Open source software is credited with offering value that rivals or even exceeds that of proprietary vendors' products. While binary distributions make installation simple, you sometimes won't have access to a binary package. In these cases, you'll have to compile the program from scratch.

14.3.1 Getting Open Source and Free Software

Source code for the software that makes up a Linux distribution is available from a variety of sources. Your distribution media contain both source code and compiled binary forms of many software projects. Since much of the code that comes with Linux originates from the Free Software Foundation (FSF), the GNU web site contains a huge array of software.^[5] Major projects, such as Apache (http://www.apache.org/), distribute their own code. Whatever outlet you choose, the source code must be packaged for your use, and among the most popular packaging methods for source code is the tarball.

^[5] Not just for Linux, either. Although Linux distributions are largely made up of GNU software, that software runs on many other Unix and Unix-like operating systems, including the various flavors of BSD (e.g., FreeBSD, NetBSD, and OpenBSD).

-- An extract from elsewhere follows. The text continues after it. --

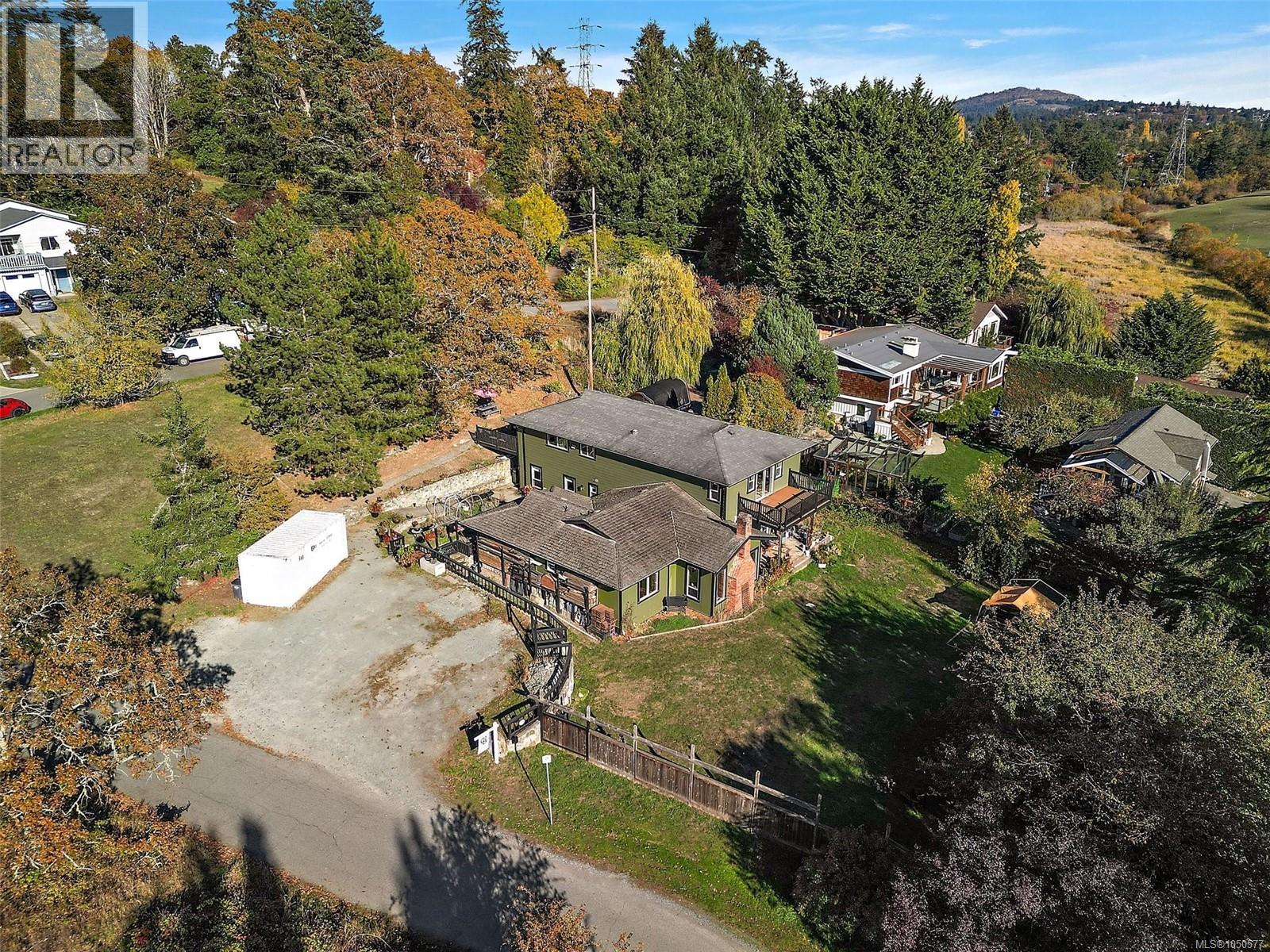 1321 Prillaman Ave, Saanich - Image 1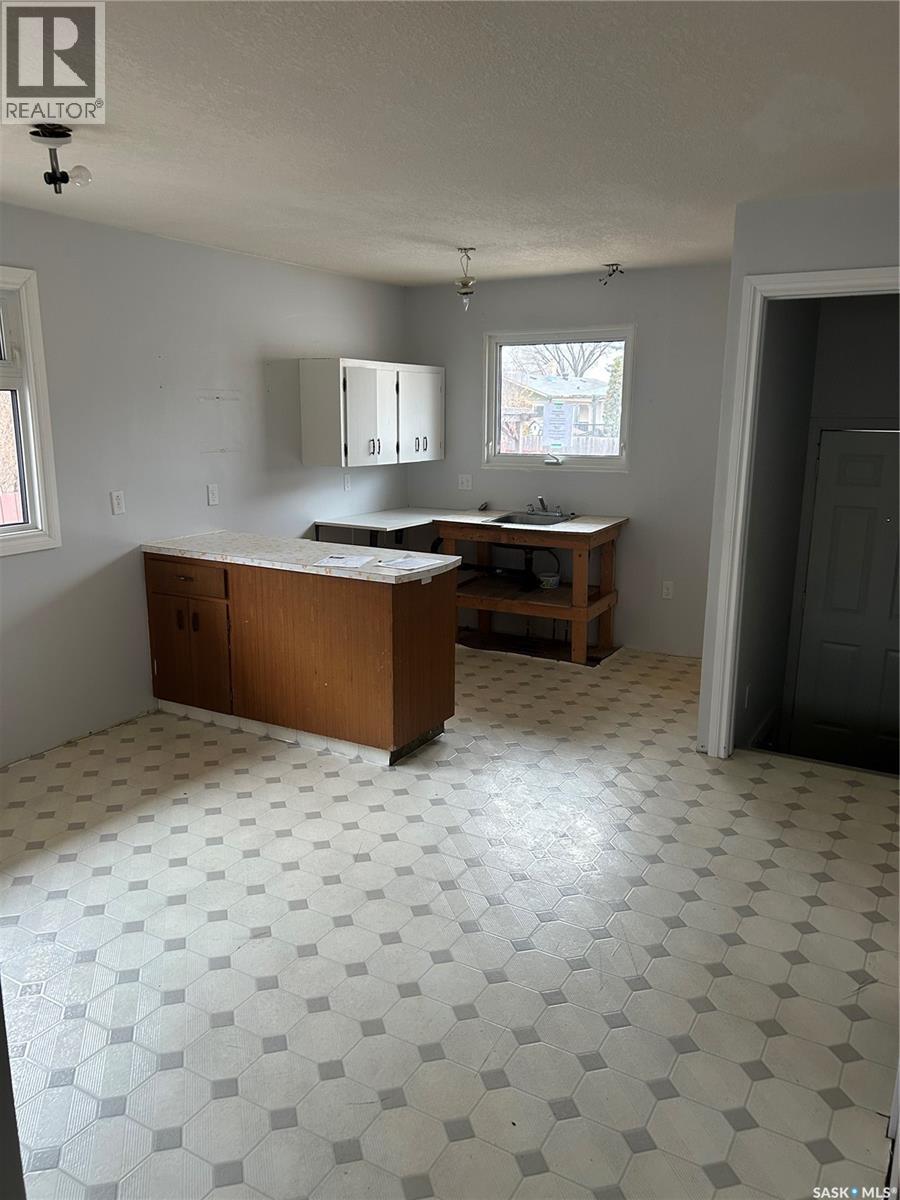 36 Andros Bay, Regina, Saskatchewan  S4R 5K6 - Photo 5 - SK024316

14.3.1.1 What's a tarball?

Code for a significant project that a software developer wishes to distribute is originally stored in a hierarchical tree of directories. Included are the source code (in the C language), a Makefile, and some documentation. In order to share the code, the entire tree must be encapsulated in a way that is efficient and easy to send and store electronically. A common method of doing this is to use tar to create a single tarfile containing the directory's contents, and then use gzip to compress it for efficiency. The resulting compressed file is referred to as a tarball. This method of distribution is popular because both tar and gzip are widely available and understood, ensuring a wide audience. A tarball is usually indicated by the use of the multiple extensions .tar and .gz, put together into .tar.gz. A combined single extension of .tgz is also popular.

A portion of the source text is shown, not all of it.